Ex-Citigroup banker's fraud case goes to the jury

NEW YORK (Reuters) - A jury was asked on Monday to decide whether one of the few individuals charged over the collapse of subprime mortgage investments intentionally misled investors in a $1 billion Citigroup Inc deal or had been singled out to take the blame for losses.

Brian Stoker, a former manager on Citigroup's mortgage investments desk, could be barred from the financial industry and ordered to pay fines if convicted on two civil counts of securities fraud. His trial in U.S. District Court in Manhattan began two weeks ago.

The U.S. Securities and Exchange Commission contends that Stoker failed to tell buyers that the bank selected some of the assets for a mortgage pool known as a collateralized debt obligation and made a $500 million "short" bet that it would fail.

The transaction caused more than $700 million in investor losses, the SEC said.

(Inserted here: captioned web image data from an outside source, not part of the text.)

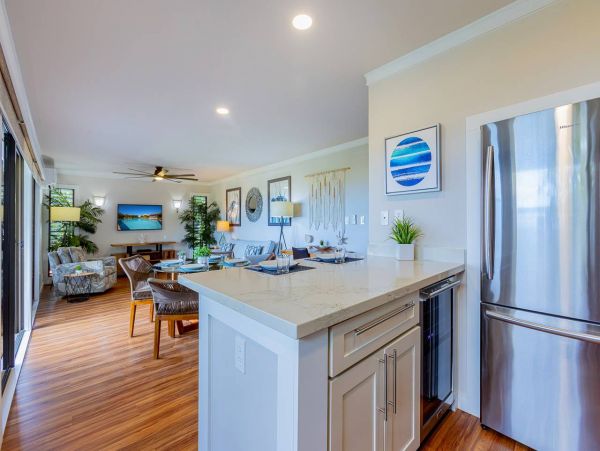 Beautifully Remodeled Two Bedroom Condo with Great Ocean Views in Wailea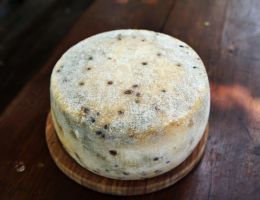 Immagine 1 di PECORINO FARCITO DELLA VALNERINA AL TARTUFO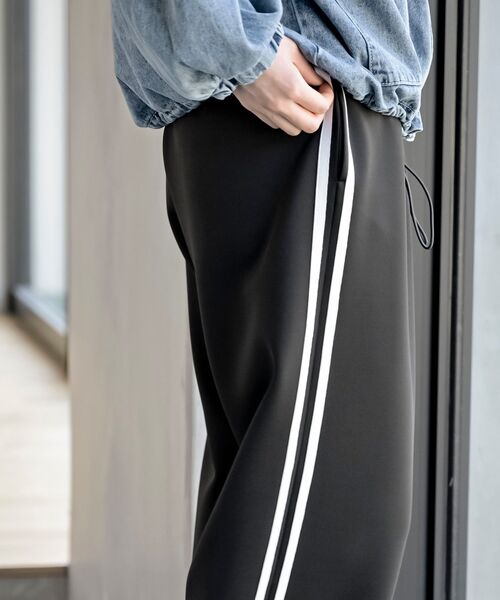 rps(アールピーエス)の「リボンライントラックパンツ(その他パンツ・レディース・ブラック/アイボリー・フリー)」の20枚目の写真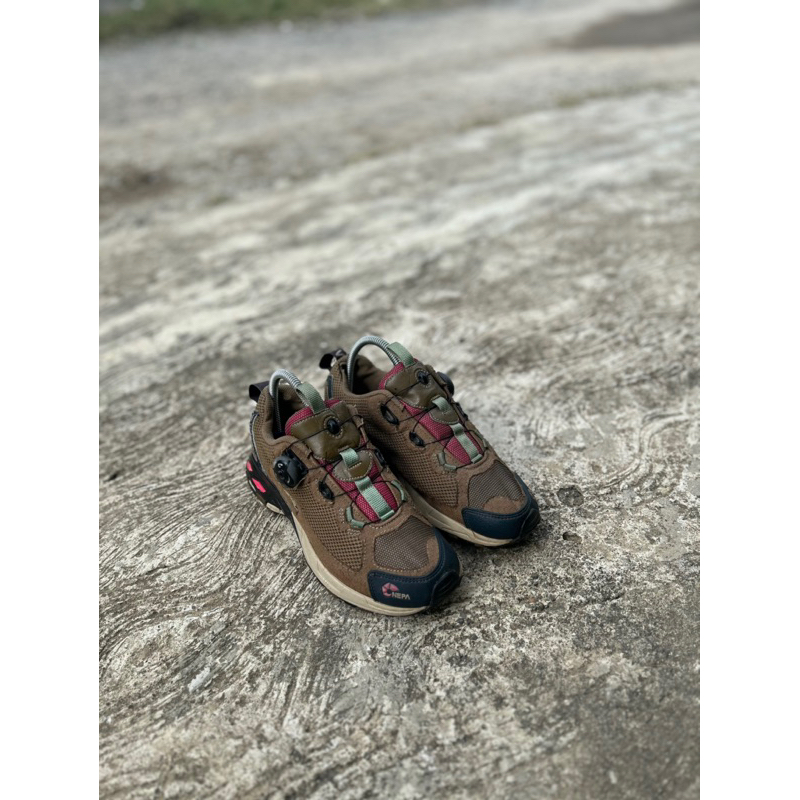 Sepatu gunung second original nepa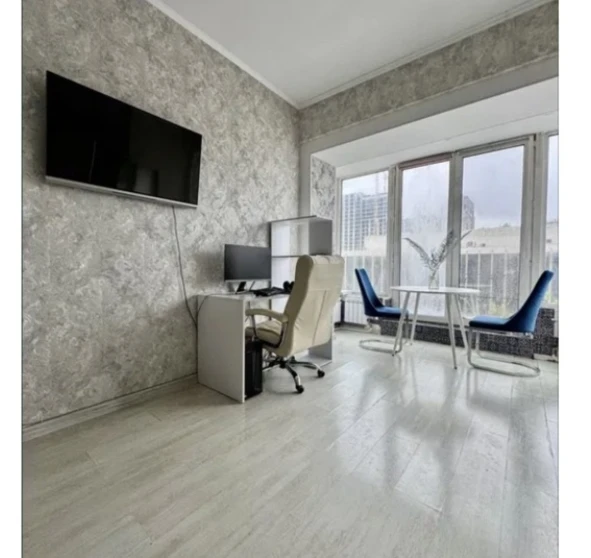 Фото 1. Двухкомнатная квартира, продажа. Киев Голосеевский, Дворец Украина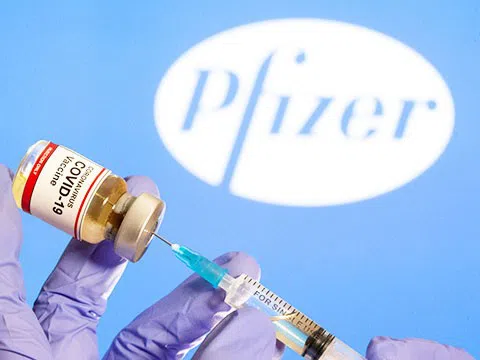 Chuyên gia nói gì về việc gia hạn sử dụng vaccine Pfizer từ 6 lên 9 tháng?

In closing arguments, SEC lawyer Jeffrey Infelise told the jury that Stoker's conduct was more than a risky high-stakes bet as the defense has argued.

"Citigroup stacked the deck and Brian Stoker dealt the cards," Infelise said. "Even if you don't believe it was intentional, it had to be negligent."

Infelise also said emails from Citigroup managers introduced at trial showed the bank wanted to identify assets it could bet against. "We are trying to find the worst performing assets," one of the emails said.

Stoker, of Pound Ridge, New York, was the only person charged in a broader case against Citigroup by the regulator. Last week, he took the stand in his own defense, testifying that he followed best practices by keeping lists of assets and urging his team to review them before marketing to potential investors.

In November 2011, U.S. District Judge Jed Rakoff, who is overseeing the trial, rejected a $285 million settlement between Citigroup and the SEC over allegations surrounding the investment pool. The judge said that failure to require the bank to admit or deny the charges left him no way to know whether the pact was fair. A federal appeals court in New York is expected to consider later this year whether that rejection was proper.

In his closing statement Monday, Stoker's lawyer, John Keker, described his client as a "straight arrow."

Keker told the jury that "most of the trial had nothing to do with Brian Stoker" and that it reminded him of the children's book, "Where's Waldo?"

Some jurors giggled when Keker displayed a reproduction of the cover of a Waldo book. In the books, the reader tries to find the Waldo character in a crowd of other characters.

"Everyone in this CDO group, including the managing directors, knew as much or more than Brian Stoker did," Keker said.

The case is SEC v. Stoker, U.S. District Court, Southern District of New York, No. 11-cv-7387.